#### [Brief]
Word for word, repeat the entries, minus the pictures.

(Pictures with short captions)
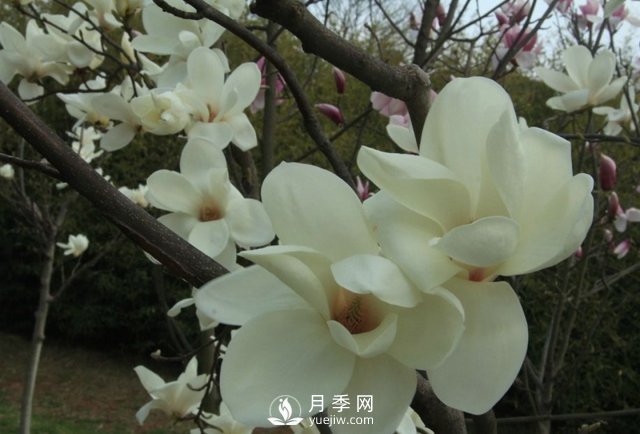 河南白玉蘭有哪些藥用價(jià)值？(圖1)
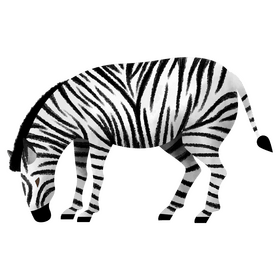 Zebra eating clipart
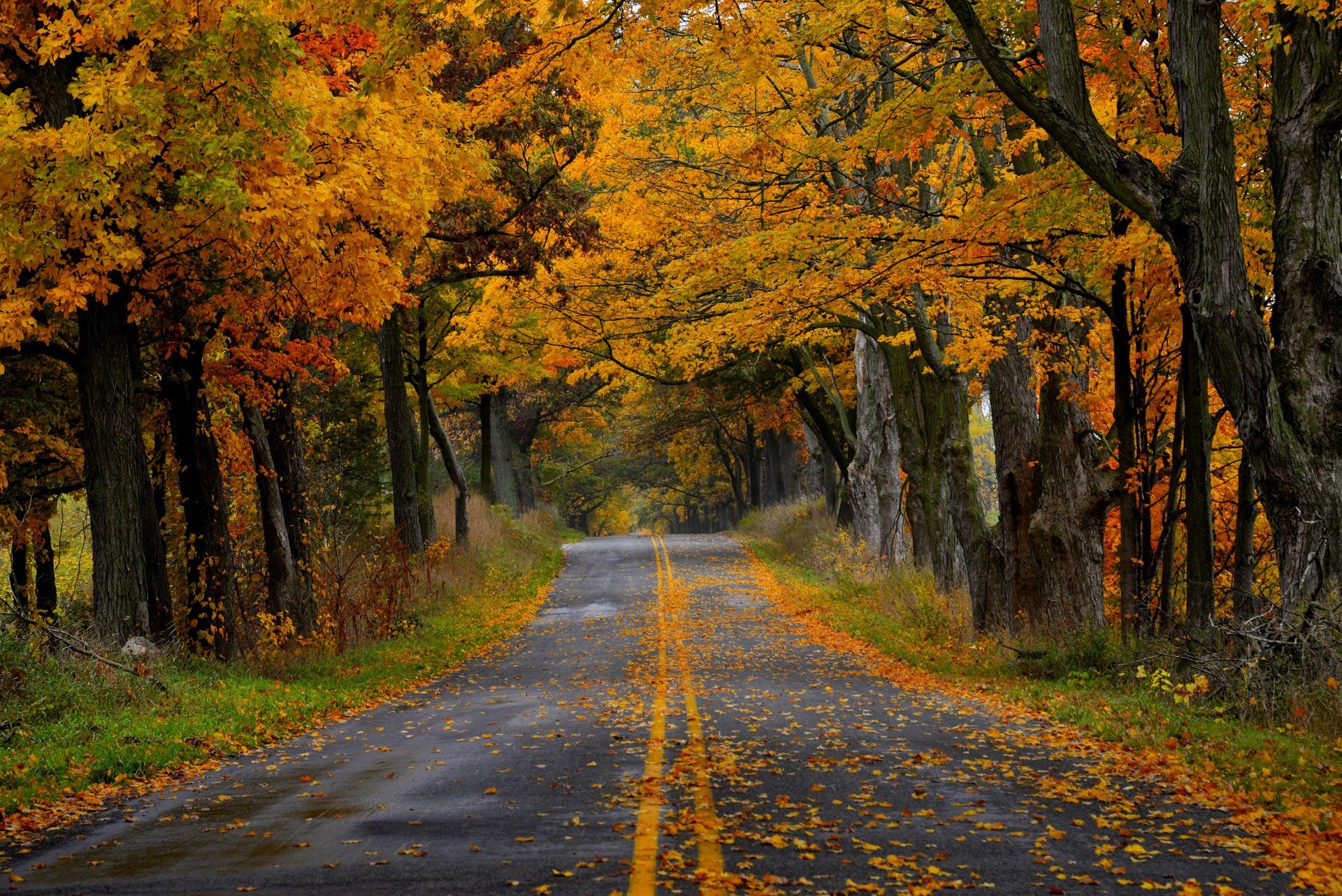 natura foresta parco alberi foglie colorato strada autunno caduta colori passeggiata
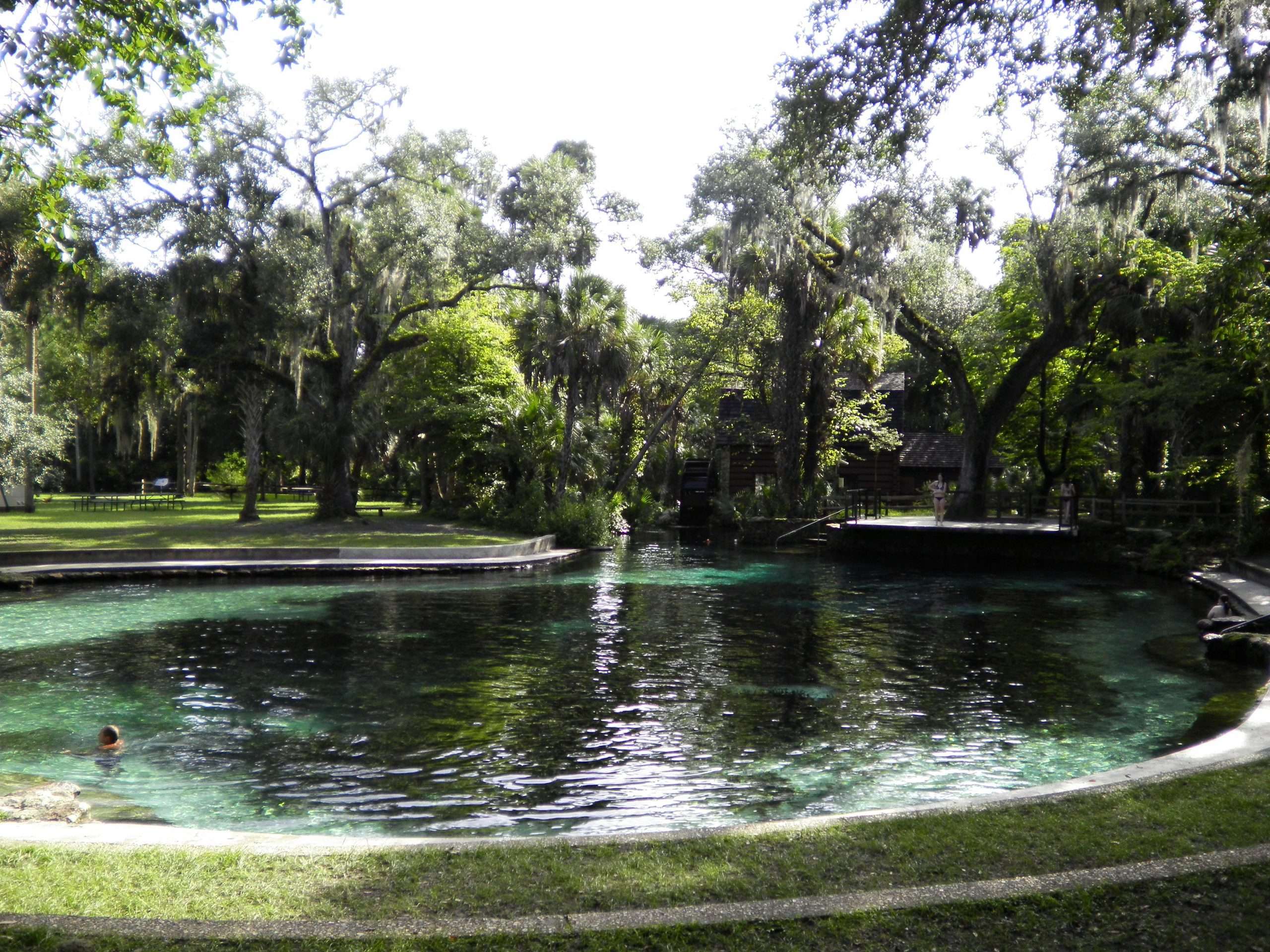 Juniper Springs in the Ocala National Forest in Florida.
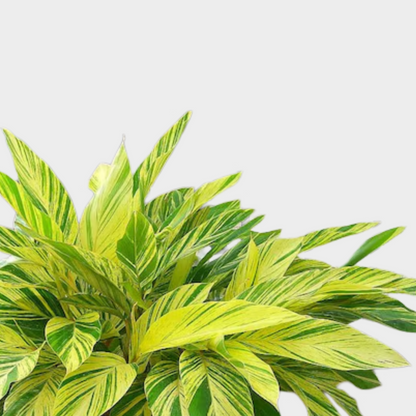 Alpinia
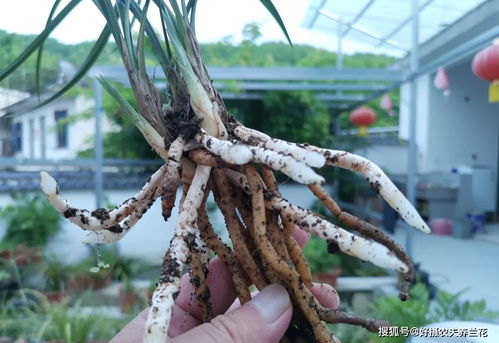 多菌灵可以浇根吗,多菌灵可以浇根吗有毒吗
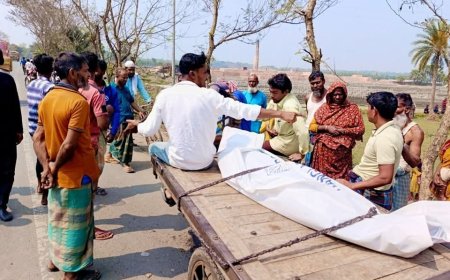 সাতক্ষীরার পাটকেলঘাটায় গরুবোঝাই ইঞ্জিনভ্যান খাদে পড়ে চালক নিহত, আহত-২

#### [Result]
 河南白玉蘭有哪些藥用價(jià)值？(圖1)
 Zebra eating clipart
 natura foresta parco alberi foglie colorato strada autunno caduta colori passeggiata
 Juniper Springs in the Ocala National Forest in Florida.
 Alpinia
 多菌灵可以浇根吗,多菌灵可以浇根吗有毒吗
 সাতক্ষীরার পাটকেলঘাটায় গরুবোঝাই ইঞ্জিনভ্যান খাদে পড়ে চালক নিহত, আহত-২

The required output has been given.